Sehari kemudian, pada Rabu (15/1), sebanyak 147 imigran Rohingya kembali mendarat di kawasan pantai Beurandeh Kecamatan Batee Kabupaten Pidie.
Penanganan Krisis Pengungsi Rohingya: Permintaan MUI untuk Solusi Humaniter di Aceh
Etnis Rohingya dari dua gelombang yang tiba di Pidie telah ditampung di kamp Yayasan Mina Raya Gampong Leun Tanjung Kecamatan Padang Tiji Kabupaten Pidie, Aceh.
Kemudian, ada 249 orang imigran Rohingya yang mendarat di Kabupaten Bireuen pada akhir pekan yang sama. Mereka saat ini berada di tempat penampungan ikan Lapang Barat Kecamatan Gandapura, Bireuen.
Berdasarkan informasi yang diterima, para imigran tersebut awalnya ditolak oleh masyarakat Jangka Bireuen, lalu mendarat di Aceh Utara.
Namun, mereka kembali mendapat penolakan dari masyarakat Aceh Utara sehingga kapal yang membawa pengungsi itu kembali ke lautan. Akhirnya, pada Minggu (19/11), para imigran Rohingya tersebut mendarat di wilayah Lapang Barat Bireuen.
“Para pengungsi Rohingya saat ini berada di TPI Lapang Barat, mereka sedang ditangani sementara,” ujar Camat Gandapura, Bireuen, Azmi, seperti dilansir dari Antara.
“Mereka sebelumnya ditolak di Jangka Bireuen, kemudian ke Ulee Madon, Aceh Utara, dan akhirnya tiba di sini. Mereka adalah orang yang sama,” tambah Azmi.
Azmi juga menyatakan bahwa saat ini masyarakat setempat telah memberikan bantuan seperti makanan dan pakaian kepada para imigran.
“Namun, masyarakat di sana masih menolak dan kami sudah berkoordinasi dengan UNHCR (Komisioner Tinggi PBB untuk Pengungsi) mengenai kedatangan imigran Rohingya ini,” katanya.
Selain 249 orang pengungsi di Bireuen, pada hari yang sama juga ada 220 imigran Rohingya yang mendarat di Gampong Kulee Kecamatan Batee Kabupaten Pidie, Aceh. Namun, hingga saat ini belum ada penanganan khusus terhadap mereka.

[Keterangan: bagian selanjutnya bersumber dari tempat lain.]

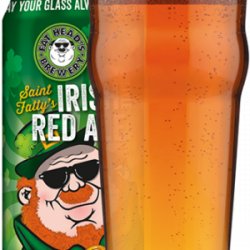 Fat Head’s St. Fatty’s Red 2412 oz cans - Beverages2u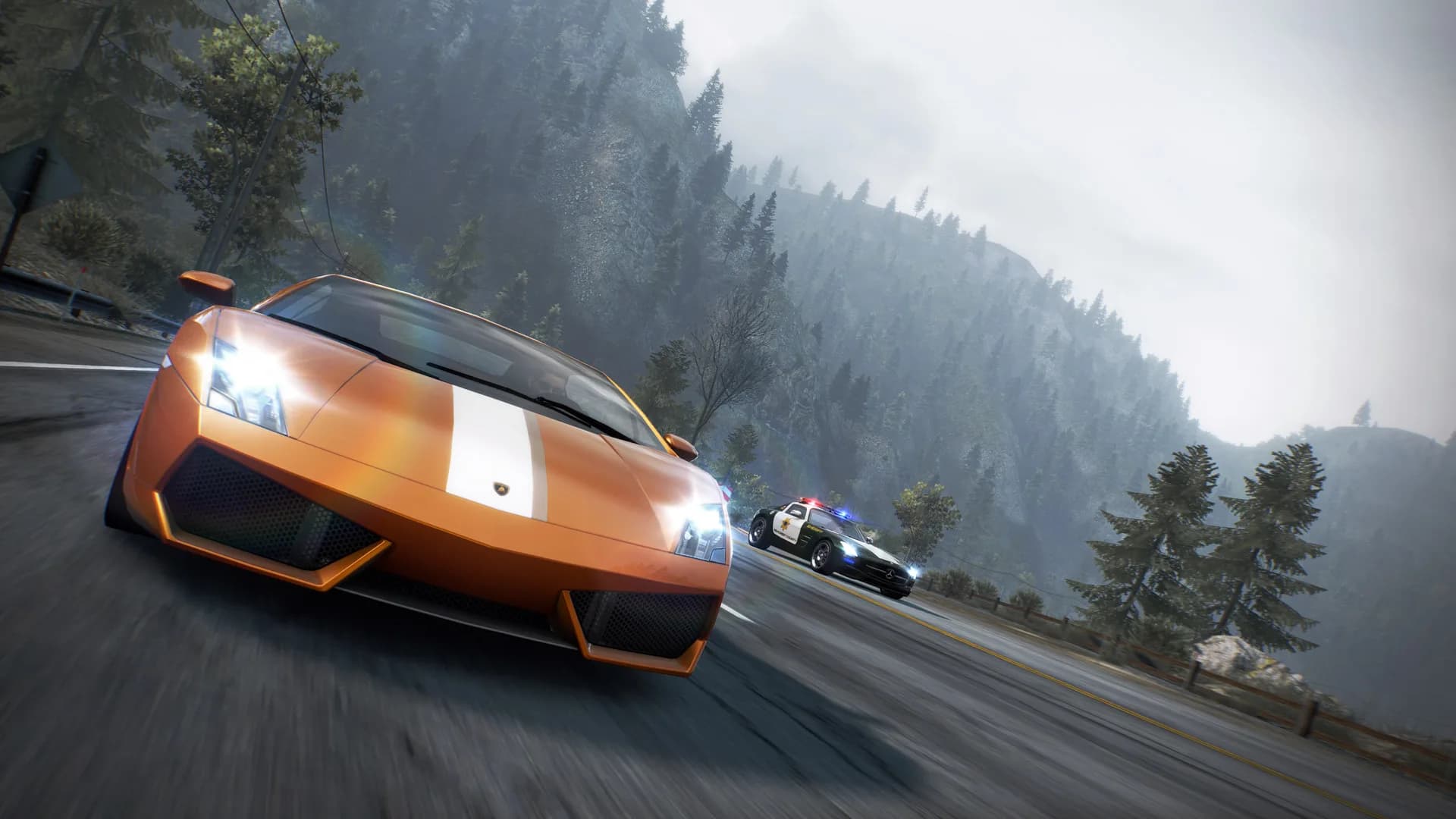 Need for Speed™ Hot Pursuit Remastered görsel 6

Pada hari yang sama juga, ditemukan 35 warga Rohingya di dalam truk setelah melaporkan kedatangan dari kapal di pantai Kecamatan Madat, Kabupaten Aceh Timur.
Sebanyak 35 imigran tersebut telah diamankan dari truk berwarna kuning yang ditutupi terpal tanpa nomor polisi. Mereka terdiri dari 18 pria, 17 wanita, dan anak-anak. Saat ini, mereka telah dievakuasi ke Idi Sport Center Idi Rayeuk, Aceh Timur.
Krisis Pengungsi Rohingya di Aceh: Tuntutan Aksi Cepat PBB dan Peran MUI dalam Solusi Humaniter
Pada bulan November 2023, Aceh menjadi tempat kedatangan berbagai gelombang pengungsi Rohingya. Meskipun ada upaya penampungan dari pemerintah setempat, penolakan dari sebagian masyarakat juga terjadi. MUI menekankan perlunya tindakan cepat PBB dan UNHCR dalam menangani masalah ini untuk mencegah stigmatisasi Pemerintah Indonesia sebagai entitas yang mengabaikan aspek kemanusiaan.
Dalam rangka memberikan solusi, MUI juga meminta perwakilan mereka di Aceh untuk berdialog dengan otoritas setempat guna mencari penyelesaian yang lebih humaniter terkait pendaratan kapal yang membawa imigran Rohingya.
Situasi ini mencerminkan kompleksitas dan urgensi dalam menangani krisis pengungsi di Aceh yang membutuhkan kerjasama lintas sektor untuk mencari solusi yang adil dan berkelanjutan.